Und nun sagt Adele einfach „Hello, it’s me“, dann aber sofort, um nur ja keine Zeit zu verlieren – die Zeit, das werden wir noch lernen auf „25“, ist kostbar und ein wundersam’ Ding – dass man doch kurz einen Blick zurückwerfen solle: „I was wondering if after all these Years . . .“ Das Lied ist seit Wochen als Teaser auf dem Markt, keiner ist unvorbereitet, und man will es dann schon auch genau wissen: ob die Wunden geschlossen sind, die auf „21“ alle noch offen waren. Eindeutige Antwort: ja, vernarbt, ist schon gut – was aber nicht heißt, dass Adele, gesegnet mit dieser einzigartigen, jetzt irgendwie noch tieferen R-’n’-B-Stimme, gleich einem Klumpen warmer, weicher Erde, in der es rumort, abgeschlossen hätte mit der Vergangenheit. Aber teilweise: „Send my Love (to your new Lover)“ heißt das, gesungen aus von einem Felsen wohl, jedenfalls felsenfest, versehen mit einem höhnischen „Huh“ vor der Endsilbe von „Lover“ und einer zackigen Aufforderung: „Treat her better.“ Das ist es dann aber auch, im Einzelfall.

Andererseits bleibt die Vergangenheit als Vergangenheit, die viel zu schnell vergangen ist, ein Thema, das „25“ durchzieht. Man hört Adele also erwachsen werden, vernimmt auch, dass sie das so wollte und will, kann aber nicht überhören, dass da auch Restschmerz mitschwingt. Dazu reichen eine Gitarre, eine Handvoll Akkorde, wie immer schwer Moll-lastig, und eine zweite Adele, die mitsummt, wenn die erste Adele singt. Dass das Leben eine einzige Party war, sei lange her, heißt es dann in „Million Years ago“. Oder, an anderer Stelle, „wir sind keine Kinder mehr“. Nein, wir haben welche. Sie hat eins. Nun gibt es ja durchaus Gründe, angeblich Erwachsenen unter den Popmusikerinnen ein bisschen zu misstrauen, wenn man zum Beispiel an Madonna denkt, die auf „Ray of Light“ (Lichtjahre her) zwar vordergründig – und auch sehr hübsch – als Mamamadonna auftrat („Little Star“), um zugleich daran zu arbeiten, ja Madonna zu bleiben: für immer jung und männermordend. Bis heute.
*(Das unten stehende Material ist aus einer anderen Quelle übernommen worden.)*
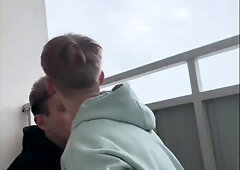 Part 1 snooped a twunk fapping off on the stairs
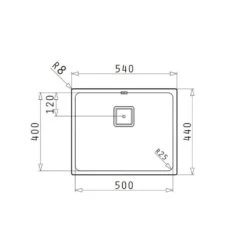 Pyramis Unterbaubecken LUME (50X40) UB Edelstahl -Geschirr pyramis unterbaubecken lume 50x40 ub edelstahl3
Das ist Adeles Problem ausdrücklich nicht. Im Gegenteil. Altern als Problem für Künstler, wie Gottfried Benn das in einem berühmten Aufsatz nannte, ist ein Thema, das sie jetzt schon mit Mitte/Ende zwanzig besetzt, womöglich ein bisschen vor der Zeit. Im Gegenzug: Leute, die nicht alt werden können, gibt es in diesem Business eh genug. Im Übrigen lässt Adele in und zwischen den Zeilen keinen Zweifel: das Beste kommt noch.

Musik auf höchstem Niveau

Musikstilistisch hält sie sich auf höchstem Niveau die Türen in alle Richtungen weit offen, was nicht wenig damit zu tun hat, dass sich die Produzenten mit allesamt wohlklingenden Namen die Klinken konsequent in die Hand geben: jeden Song ist ein anderer dran. Greg Kurstin und Max Martin sind dabei – und selbst Danger Mouse hat seinen Anteil, lässt die Kirchenorgel mächtig auffahren, und das ist eine sehr gospelige Messe wert. Es gibt, natürlich, die Streichermacht, aber eigentlich nur einmal richtig, blühende Hammond-sounds und ordentlich Septen und Rückungen, mal zurückhaltend, mal prunkend abgemischt. Vordergründig bleibt die Stimmung leicht elegisch und Gänsehautschauer produzierend („When we were young“), zwischendurch darf aber mittlerweile auch ruhig die Straße zu hören sein. Es ist nicht mehr nur Adeles innere Seelenwelt, die hier verhandelt wird, es kommt langsam die ganze Welt rein ins Gefüge, und man darf wirklich gespannt sein (und ist es schon), ob die Kunst die große Künstlerin Adele Adkins bald restlos an die Wirklichkeit verliert – oder ob Adele der Kunst weiterhin die Freude macht, richtig Leben in sie hineinzupumpen. Denn das tut sie.

Kleine Pose oder menschliche Geste: dem „Observer“ hat Adele gesagt, dass sie sich die letzten Monate über gefühlt habe wie in der Aufführung einer Schülertheatergruppe. Kurz vor Schluss: du hast alles gegeben, du bist durch, es ist vorbei. Der Vorhang schließt sich. Werden die Leute klatschen, am Ende wie früher mal? Werden sie überhaupt klatschen? Für ein paar Sekunden ist es still. Dann aber: Applaus. Lang anhaltend. Danke, Adele!